Research suggests that there are some key things to look for when attempting to identify a good mentor. First, whoever you choose should be well-connected within the organization. Without the ability to link you with powerful individuals at work, the mentor’s impact is limited. Second, and relatedly, the mentor should be willing to introduce you to individuals who would be helpful for you to know across the organization. Take note of anyone who has made these connections for you before – would they be willing to serve as a formal mentor for you? If this hasn’t happened yet, ask this question (in a tactful way) when approaching someone about mentorship. Try something like “I know that you have so many wonderful connections across the organization. I would love to learn from their experience. Do you think that you might be willing to introduce me to some folks who would be willing to talk with me about their careers?”. Third, a mentor is willing to spend time talking with you about your goals, as well as their perceptions of your strengths and weaknesses. Mentors then look for opportunities to help you bridge the gap between where you are now and where you’d like to go. You may have someone who has offered to do this informally – this person may be a good mentor. However, you want to make sure that your mentor is willing to put the time in on a consistent basis. For this reason, you might want to ask the person you are approaching if they would be willing to meet with you informally once a month, to ensure that this conversation continues and has structure. You also have to hold up your end of the bargain – take notes and write down action steps at the end of each meeting so that you are always making forward progress. Then, feed that information back to your mentor so they know that they are helping you. Following this process goes a long way in promoting mentor and mentee engagement.
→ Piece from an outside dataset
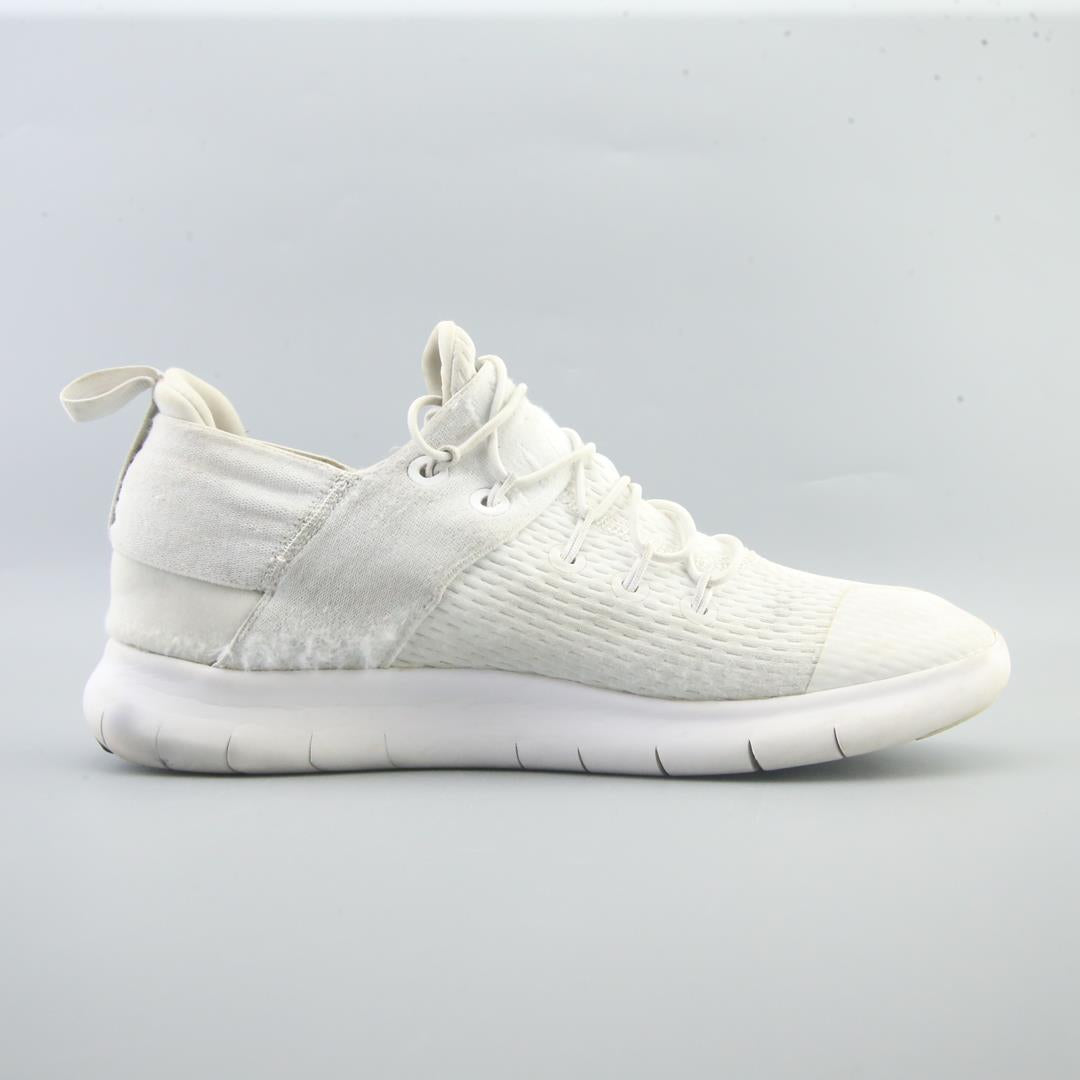 NIKE FREE RN CMTR 2017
Finally, good mentors for women at work are conscious of the fact that women still tend to be assigned greater responsibilities at home than men do, with regard to housework and childcare responsibilities. Your mentor should help you to work through these challenges and provide support for you in doing so. If your mentor is constantly in the office, never takes breaks and seems not to have a life outside of the office, their advice may create more stress than comfort. Finding a mentor who seems to be able to balance work and life will help you to create healthy strategies for doing so yourself, which creates a more sustainable plan in the long run for women who wish to remain active in both spheres.

Overall, it’s important for women to have mentorship but they are less likely to have mentors organically approach them, compared to their male counterparts. Asking for a mentor can help, but you have to know who to look for. The mentor-mentee relationship can be very powerful but it has to be a good fit. Finding your best fit mentor can help to level the playing field and ensure long-term success.